Now, the mold is lowered onto the support board. This is mostly done with the help of hydraulic piston-cylinder units or by purely mechanical means. The step of the lowering of the mold gives the situation as shown in FIG. 1, except for the molding 1 and the plunger 3, which have to be excluded at this stage. All the other devices, the mold insert 2, the texture plate 5 and the sidewall 4, the bolts 10, their bearing plate 6 and the pusher 8 with the control elements 9, are firmly attached to the mold.

In the situation as shown, in which the texture plate 5 is at the extreme left due to the position of the control elements 9, and the shape inside the mold is a reversal of the finished concrete molding, the mobile hopper moves across the lowered mold. The said mobile hopper, consisting basically of an open frame, moves across the covered parts of the mold as well as its cavities. A storage tank containing liquid ready-mixed concrete is located above the site of fabrication. The said storage tank has a movable segment at its lower end in the shape of a snout with an aperture, through which the concrete is poured. The snout is opened by the mobile hopper as it passes underneath the storage tank. Next occurs the movement of the mobile hopper to and fro across the mold, filling the said mold with concrete as it moves.

The plunger 3, which can be moved perpendicularly to the mold, now descends upon the concrete in the mold. In this position, as shown in FIG. 1, substantial pressure is applied to the said plunger and it begins to vibrate at the same time. From below the support board 13, the main vibrator begins to shake, together with the plunger 13 working as a surcharge vibrator. The concrete 1 in the mold is thus given ideal compression and vibration to ensure that it reaches all the angles and corners of the mold and completely fills them.

At this stage, the molding 1 is ready for de-molding. Until now, the mold was simply lifted off vertically. This is no longer possible, however, because of the textured side 18 of the concrete molding 1. Moreover, the textured side 18 of the concrete molding 1 in the example shown in FIG. 1 has an outward overhang at the top. For this reason, the next step comprises retracting the movable sidewall 4, to which the texture plate 5 is attached, at least as far to the right as the distance between the highest and lowest points of the textured structure as measured horizontally. This retraction is done in the example shown by means of moving the control elements 9. When this happens, the sliding caps 12 of the bolts 10 slip along the lateral surfaces of the said control elements 9, so that the said surfaces function as a curved guide track.

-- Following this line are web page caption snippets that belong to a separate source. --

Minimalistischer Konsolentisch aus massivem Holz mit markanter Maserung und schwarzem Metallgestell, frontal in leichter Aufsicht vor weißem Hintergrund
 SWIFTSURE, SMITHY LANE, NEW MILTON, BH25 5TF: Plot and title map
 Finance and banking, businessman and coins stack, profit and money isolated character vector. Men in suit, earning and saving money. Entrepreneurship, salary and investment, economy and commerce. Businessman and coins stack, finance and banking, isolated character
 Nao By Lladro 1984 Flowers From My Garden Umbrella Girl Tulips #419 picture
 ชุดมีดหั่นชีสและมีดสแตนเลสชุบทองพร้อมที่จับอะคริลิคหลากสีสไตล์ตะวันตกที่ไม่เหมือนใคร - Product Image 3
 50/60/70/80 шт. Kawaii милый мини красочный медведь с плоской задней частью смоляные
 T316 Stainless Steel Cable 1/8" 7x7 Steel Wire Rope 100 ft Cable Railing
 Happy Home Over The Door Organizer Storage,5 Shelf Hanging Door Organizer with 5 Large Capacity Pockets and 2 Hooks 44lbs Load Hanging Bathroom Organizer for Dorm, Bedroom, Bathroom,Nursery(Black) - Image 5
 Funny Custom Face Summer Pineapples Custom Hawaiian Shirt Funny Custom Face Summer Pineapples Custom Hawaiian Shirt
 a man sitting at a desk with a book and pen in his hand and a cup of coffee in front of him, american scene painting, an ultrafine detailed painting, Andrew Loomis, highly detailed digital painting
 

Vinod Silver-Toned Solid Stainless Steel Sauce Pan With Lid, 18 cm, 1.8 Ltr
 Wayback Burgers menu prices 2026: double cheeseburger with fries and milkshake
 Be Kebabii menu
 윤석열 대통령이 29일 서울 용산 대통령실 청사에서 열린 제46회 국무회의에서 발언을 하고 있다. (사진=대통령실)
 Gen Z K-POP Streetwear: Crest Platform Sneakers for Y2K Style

The control elements 9 are moved by the slide plate 8 by means of a hydraulic cylinder-piston unit.

The pressure springs 11 press the bolts 10 as far to the right as the sliding caps 12 permit, so that the bolts pull back the sidewall 4 to the right with the texture plate 5 attached to it. The maximum height difference of the curved guide track on control element 9 must, therefore, correspond to the distance desired due to the texture of the plate 5. The retraction of the texture plate 5 releases the newly-pressed and compressed molding enough to enable the next step of the process to be carried out, which is the raising of the entire mold. The important thing here is that the bottom edges of the mold must be raised a little higher than the bottom edge of the plunger 3 so that the mold peels cleanly off the upper edges of the newly-finished molding 1.

The final step is the raising of the plunger 3, finally freeing the finished molding. The support board 13 holding the molding is pushed away from the main vibrator by the board carriage until it reaches the conveyor leading to a stacking ladder, a board storage unit which is unloaded by a special vehicle. This carries the finished moldings to special curing chambers where they are stored for curing. As soon as the board carriage has fetched a new board from a board-store and pushed it onto the vibrator, the process begins over again.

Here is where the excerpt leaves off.